==== EXCERPTED DATA ====
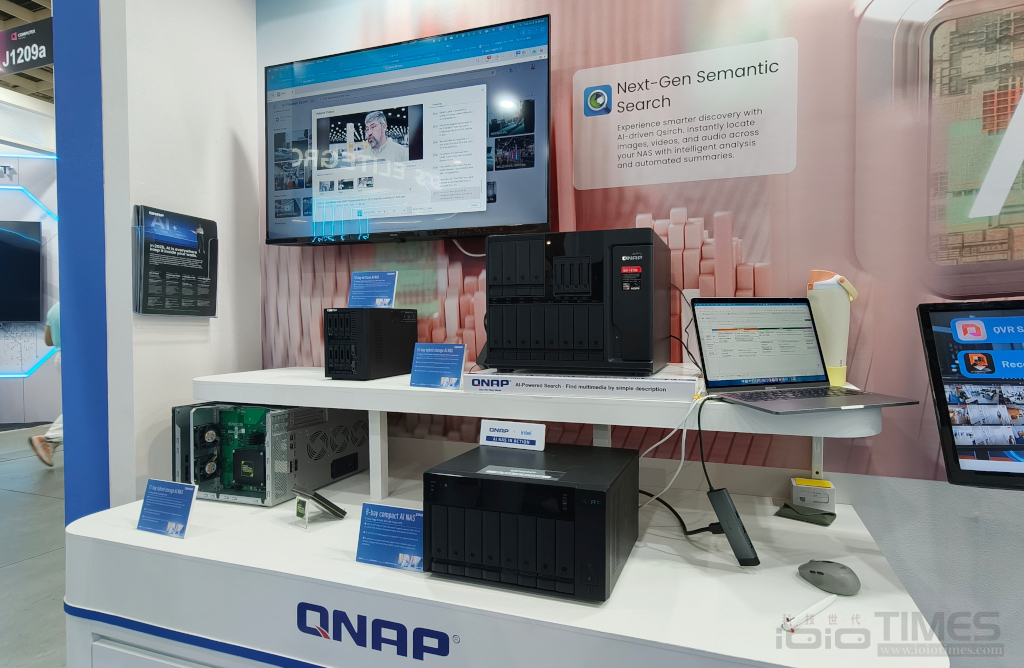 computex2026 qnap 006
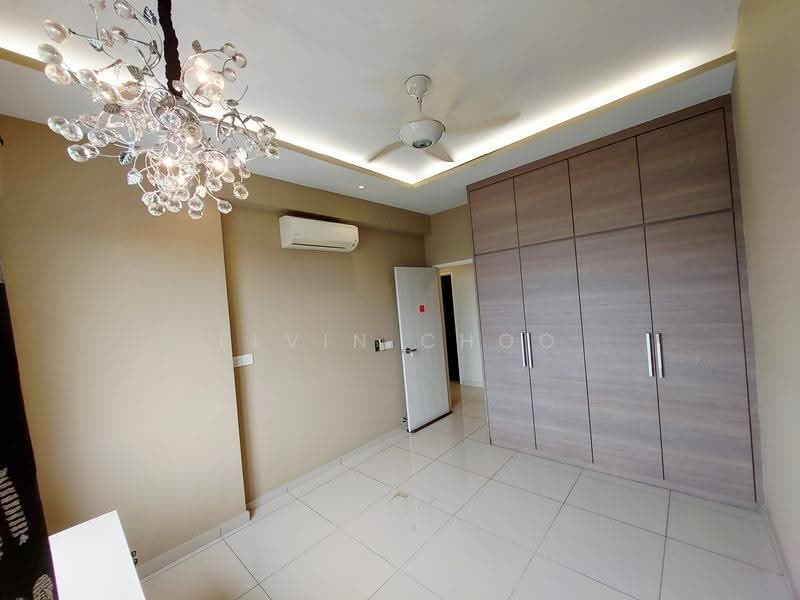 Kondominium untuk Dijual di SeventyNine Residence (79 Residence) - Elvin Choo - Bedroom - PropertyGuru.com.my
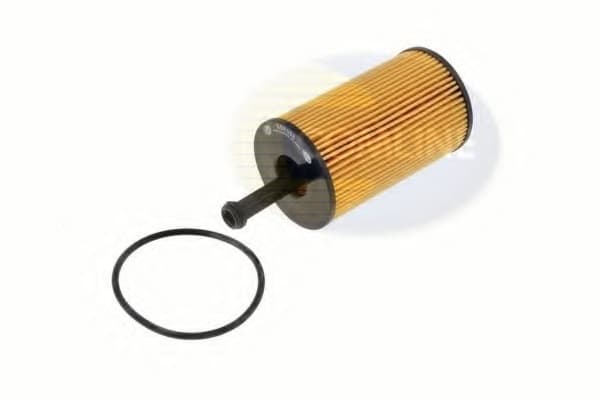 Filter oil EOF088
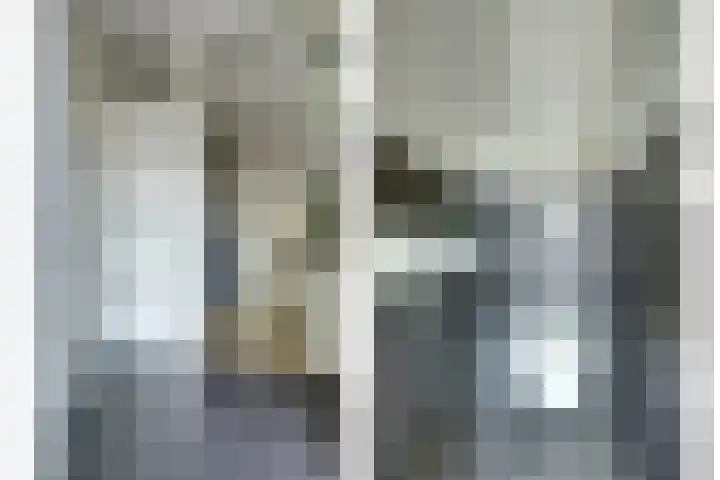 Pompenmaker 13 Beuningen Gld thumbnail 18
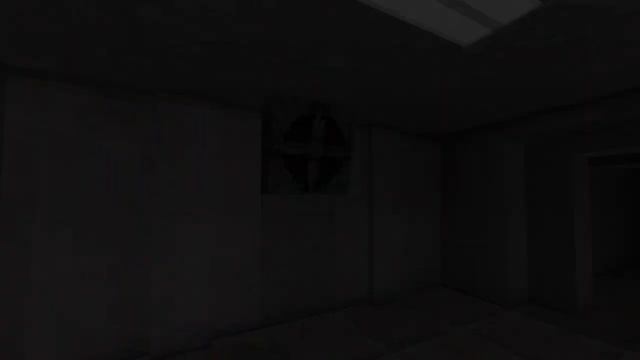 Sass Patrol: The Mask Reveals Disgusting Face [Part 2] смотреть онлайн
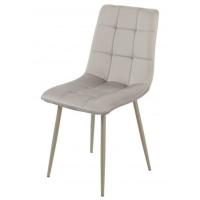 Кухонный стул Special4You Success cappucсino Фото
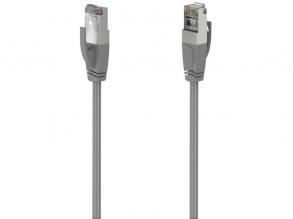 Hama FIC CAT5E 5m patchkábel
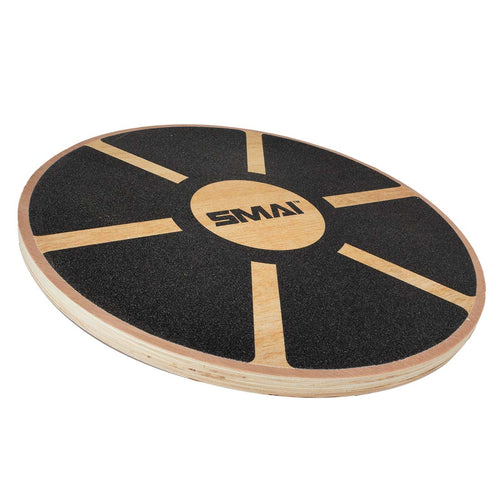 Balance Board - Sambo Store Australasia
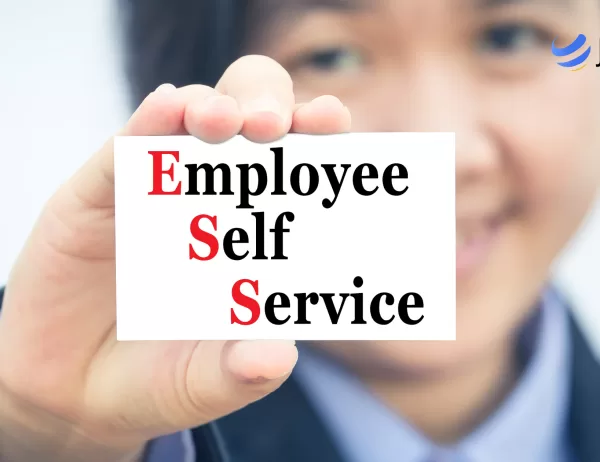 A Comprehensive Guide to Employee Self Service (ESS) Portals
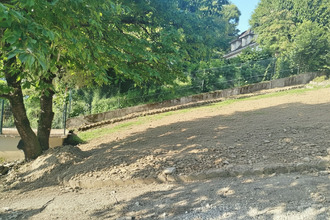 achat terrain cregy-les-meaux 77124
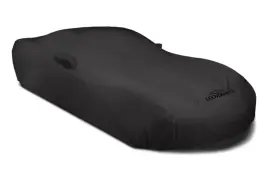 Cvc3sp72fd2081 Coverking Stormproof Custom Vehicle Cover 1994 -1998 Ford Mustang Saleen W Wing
====
==== EXCERPTED DATA ====
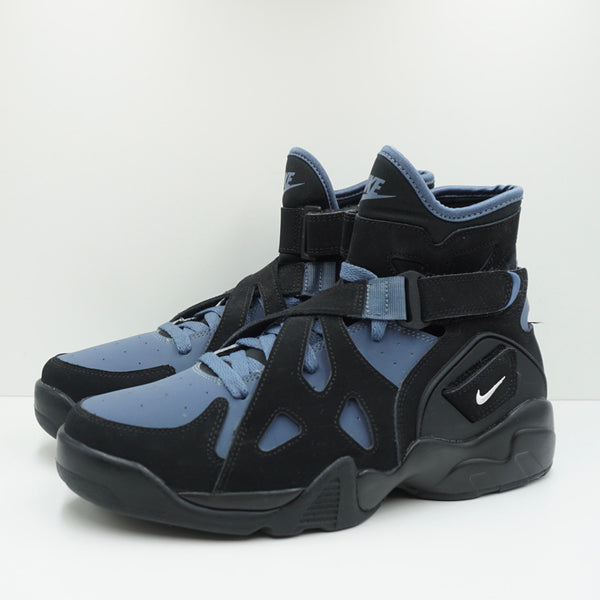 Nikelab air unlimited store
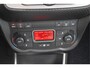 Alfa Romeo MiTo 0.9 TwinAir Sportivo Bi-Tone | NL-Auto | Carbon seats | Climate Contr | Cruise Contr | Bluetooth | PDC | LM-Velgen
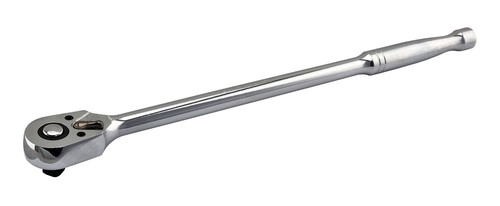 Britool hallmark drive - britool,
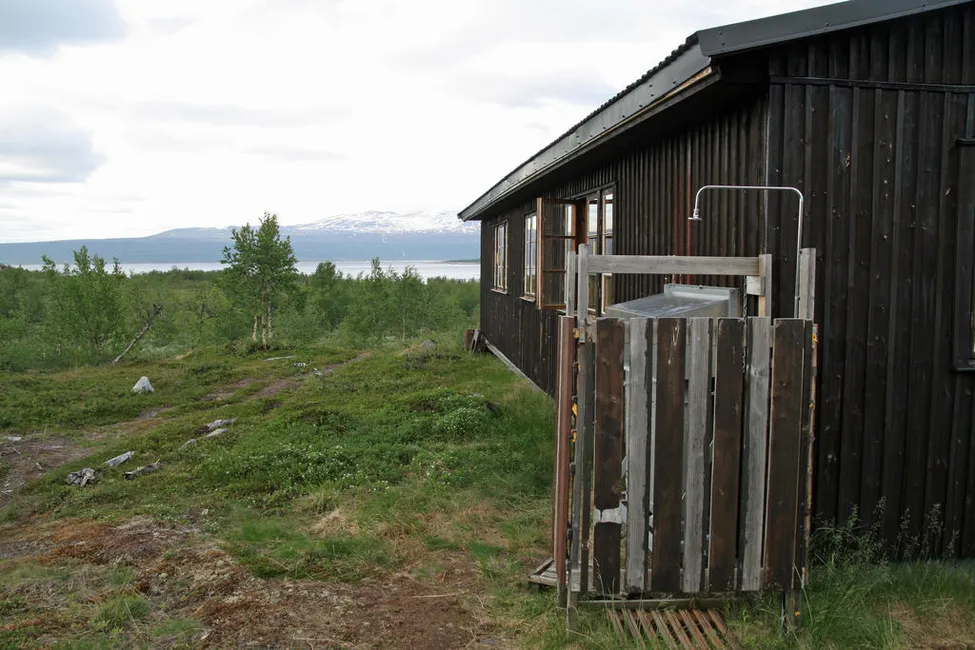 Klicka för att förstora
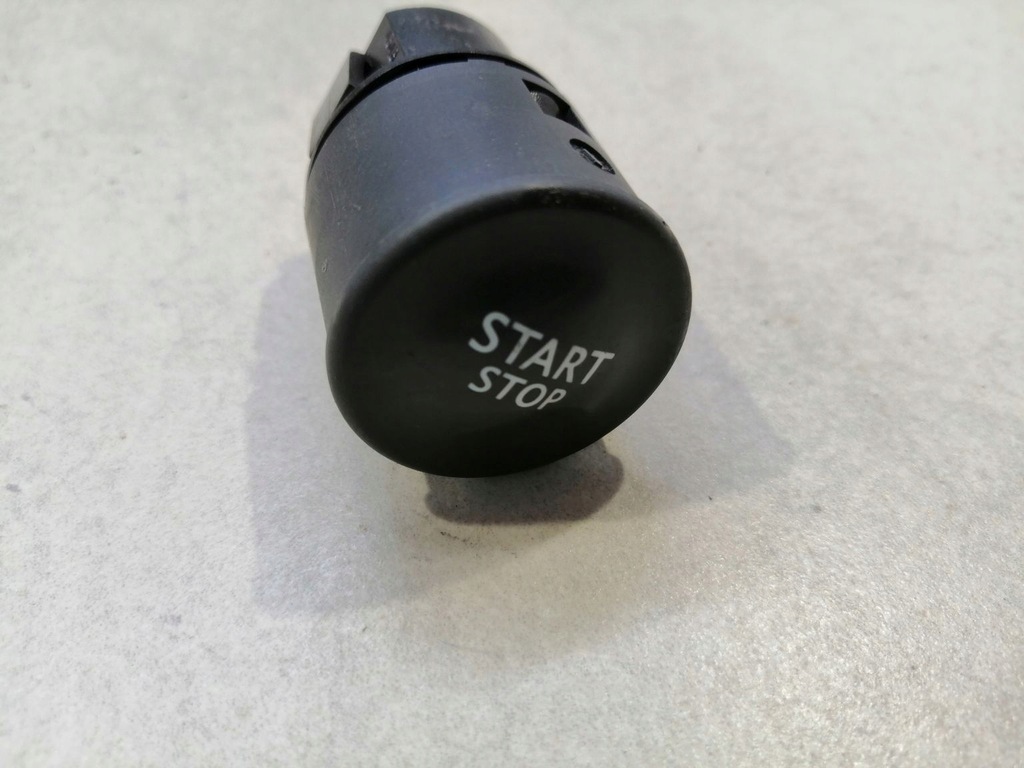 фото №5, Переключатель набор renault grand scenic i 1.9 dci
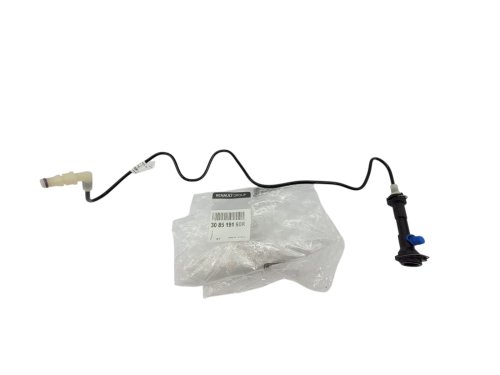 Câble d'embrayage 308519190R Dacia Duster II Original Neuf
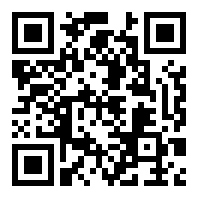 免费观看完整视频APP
====
● **ABOUT THIS TASK**: Your answer should consist of the lines above between those holding "computex2026 qnap 006" and "Cvc3sp72fd2081 Coverking Stormproof", inclusive, reproduced word for word and without pictures.

● **RESPONSE AREA**:
 computex2026 qnap 006
 Kondominium untuk Dijual di SeventyNine Residence (79 Residence) - Elvin Choo - Bedroom - PropertyGuru.com.my
 Filter oil EOF088
 Pompenmaker 13 Beuningen Gld thumbnail 18
 Sass Patrol: The Mask Reveals Disgusting Face [Part 2] смотреть онлайн
 Кухонный стул Special4You Success cappucсino Фото
 Hama FIC CAT5E 5m patchkábel
 Balance Board - Sambo Store Australasia
 A Comprehensive Guide to Employee Self Service (ESS) Portals
 achat terrain cregy-les-meaux 77124
 Cvc3sp72fd2081 Coverking Stormproof Custom Vehicle Cover 1994 -1998 Ford Mustang Saleen W Wing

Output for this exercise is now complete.